ON HIS BEAUTIFUL MODELS
“We always pay a lot of attention to the casting, it’s something we really enjoy. It’s really beautiful when you find people that connect with your clothes and you can see they’re proud to be wearing them, and they’re adding their own personality to the pieces and bringing them to life. So the casting has always been a big thing for us – you know, we started out casting friends, and then we were putting normal guys in the show, usually guys who were gay and who felt comfortable in flamboyant clothes. And now we have professional models, of course, but we still look for the boys we know really want to be in the show, because at Palomo you don’t just do an hour before the show and then you leave – we have to spend time together and get to know each other, we have to have full hair and make-up sessions, and we all have to understand each other and the clothes.”
ON MEN EMBRACING FEMININITY
“I actually have quite a lot of straight customers, although the number is fewer than those that are gay, of course. I think it’s an interesting time and eventually we’re going to find the balance between the two: I really want to see straight men wearing my clothes! In the Wunderkammer collection I actually think there are many pieces – beautiful blouses, and tailored styles – which can be very masculine. I really want Palomo to be for everyone, I don’t want to just design for gay men, as I think that’s very limiting. It’s an interesting time right now, because I think men are becoming much more open when it comes to fashion.”

ON SHOWING IN MADRID
“We were actually supposed to show in Paris again this season, but because there is so much change happening at Palomo it was impossible, so we’re going to do January in Paris, and July we’re here in Madrid. But I love Madrid, and when you show here it’s just so incredibly nice – you can put an idea together and present it in the way you want, you know, you can take over the museum, and everyone is very supportive because they know us. In Paris, things are so much more difficult, getting the go-ahead to show in a museum, being able to invite 600 guests... We will go back to Paris, but we need to work out how to recreate that grandeur that Madrid allows you first.”

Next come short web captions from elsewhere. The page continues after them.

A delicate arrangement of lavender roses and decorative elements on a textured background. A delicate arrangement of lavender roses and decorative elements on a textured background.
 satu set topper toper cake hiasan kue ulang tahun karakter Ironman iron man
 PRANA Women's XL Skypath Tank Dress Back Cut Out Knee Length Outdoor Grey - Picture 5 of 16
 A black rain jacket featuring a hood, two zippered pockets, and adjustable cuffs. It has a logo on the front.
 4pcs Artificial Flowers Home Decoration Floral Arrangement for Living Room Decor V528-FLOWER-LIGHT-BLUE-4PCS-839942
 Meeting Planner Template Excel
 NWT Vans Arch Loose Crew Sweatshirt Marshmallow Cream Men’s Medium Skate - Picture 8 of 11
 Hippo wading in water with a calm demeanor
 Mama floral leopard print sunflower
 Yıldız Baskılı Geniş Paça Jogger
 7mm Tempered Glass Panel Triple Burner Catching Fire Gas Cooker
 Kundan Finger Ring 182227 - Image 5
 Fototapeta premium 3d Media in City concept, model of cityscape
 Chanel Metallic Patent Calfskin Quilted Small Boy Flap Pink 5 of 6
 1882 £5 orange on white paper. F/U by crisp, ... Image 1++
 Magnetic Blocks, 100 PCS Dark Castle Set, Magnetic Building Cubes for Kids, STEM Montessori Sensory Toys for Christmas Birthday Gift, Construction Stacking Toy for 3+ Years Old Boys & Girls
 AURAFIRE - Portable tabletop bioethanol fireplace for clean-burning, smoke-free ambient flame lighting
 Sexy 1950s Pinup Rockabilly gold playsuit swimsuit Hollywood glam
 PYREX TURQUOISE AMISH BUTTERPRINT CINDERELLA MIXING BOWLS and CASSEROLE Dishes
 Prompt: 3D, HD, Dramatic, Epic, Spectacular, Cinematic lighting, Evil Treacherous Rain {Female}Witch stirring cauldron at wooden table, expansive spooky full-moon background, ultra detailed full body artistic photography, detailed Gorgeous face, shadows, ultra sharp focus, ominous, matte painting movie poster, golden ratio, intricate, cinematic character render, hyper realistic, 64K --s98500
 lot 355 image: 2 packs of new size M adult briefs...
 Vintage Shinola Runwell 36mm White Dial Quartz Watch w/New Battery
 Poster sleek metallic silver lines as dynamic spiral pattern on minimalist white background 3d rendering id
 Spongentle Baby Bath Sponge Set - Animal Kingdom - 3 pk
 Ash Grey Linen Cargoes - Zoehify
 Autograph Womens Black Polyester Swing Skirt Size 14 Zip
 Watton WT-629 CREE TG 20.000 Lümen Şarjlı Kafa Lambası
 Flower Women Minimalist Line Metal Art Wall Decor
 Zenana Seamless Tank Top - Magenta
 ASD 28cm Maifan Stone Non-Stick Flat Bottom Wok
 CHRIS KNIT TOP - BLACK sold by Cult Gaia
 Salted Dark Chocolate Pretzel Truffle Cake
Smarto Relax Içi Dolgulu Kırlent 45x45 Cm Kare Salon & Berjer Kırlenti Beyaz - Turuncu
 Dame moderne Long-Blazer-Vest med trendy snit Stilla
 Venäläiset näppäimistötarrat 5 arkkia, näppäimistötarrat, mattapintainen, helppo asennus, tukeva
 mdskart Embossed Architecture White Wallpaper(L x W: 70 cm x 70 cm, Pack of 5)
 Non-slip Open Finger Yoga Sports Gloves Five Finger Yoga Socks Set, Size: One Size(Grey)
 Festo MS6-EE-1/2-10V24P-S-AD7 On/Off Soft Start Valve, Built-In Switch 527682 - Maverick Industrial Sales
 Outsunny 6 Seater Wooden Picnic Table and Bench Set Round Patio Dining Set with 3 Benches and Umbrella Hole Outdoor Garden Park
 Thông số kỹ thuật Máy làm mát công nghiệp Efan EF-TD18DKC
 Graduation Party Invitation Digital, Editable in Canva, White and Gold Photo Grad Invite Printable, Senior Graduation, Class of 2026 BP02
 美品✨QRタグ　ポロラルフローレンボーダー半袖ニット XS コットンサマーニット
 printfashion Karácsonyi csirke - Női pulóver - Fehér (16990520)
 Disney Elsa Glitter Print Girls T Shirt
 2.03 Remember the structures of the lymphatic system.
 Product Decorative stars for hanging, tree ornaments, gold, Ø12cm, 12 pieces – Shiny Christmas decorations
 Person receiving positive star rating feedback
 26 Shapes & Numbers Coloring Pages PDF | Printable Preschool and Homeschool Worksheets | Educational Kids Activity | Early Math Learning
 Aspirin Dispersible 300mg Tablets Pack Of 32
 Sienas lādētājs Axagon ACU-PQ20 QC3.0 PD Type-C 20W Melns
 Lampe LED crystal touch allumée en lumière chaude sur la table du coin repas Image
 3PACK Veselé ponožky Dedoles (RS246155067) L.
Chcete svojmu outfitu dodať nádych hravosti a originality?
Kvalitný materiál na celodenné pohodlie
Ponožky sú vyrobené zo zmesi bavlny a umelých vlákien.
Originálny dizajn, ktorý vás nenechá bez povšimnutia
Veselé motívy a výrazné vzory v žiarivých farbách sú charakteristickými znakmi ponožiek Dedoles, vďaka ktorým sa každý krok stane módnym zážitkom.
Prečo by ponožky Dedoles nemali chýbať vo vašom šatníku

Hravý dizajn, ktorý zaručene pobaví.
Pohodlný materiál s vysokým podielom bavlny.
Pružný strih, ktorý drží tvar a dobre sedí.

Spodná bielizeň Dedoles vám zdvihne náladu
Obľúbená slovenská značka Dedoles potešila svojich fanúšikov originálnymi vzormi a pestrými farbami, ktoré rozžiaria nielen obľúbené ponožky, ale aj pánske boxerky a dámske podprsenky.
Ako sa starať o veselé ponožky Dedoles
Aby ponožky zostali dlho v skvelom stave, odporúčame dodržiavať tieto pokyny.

ON CREATING A PALOMO SPAIN COMMUNITY
In Madrid there is a huge creative scene: we see each other at this party, and that event, and so on, but for me something that is important about Palomo is that I’m bringing people together who wouldn’t normally meet – these very underground boys, and aristocrats, the young and the old, the posh people and the less sophisticated, which goes for both my collections and the people at my shows. It’s about connecting people through an experience and really creating a special scene that congregates at the Palomo shows.”
ON NOT LIVING IN MADRID
“I live in the South of Spain, in a quiet village in Andalusia, with no fashion influence at all. I love it – it’s so nice to be able to go there and just focus completely on work, you know, I live on top of the studio in this enormous beautiful house, and when I’m there I never escape the job. I wake up in the middle of the night feeling inspired, and I can go downstairs to the studio and take the fabric and have a piece made by the morning. It’s this feeling of never disconnecting from what I do, which I love. I wouldn’t be able to do it in Madrid, there are so many social things and partying that would just distract me.”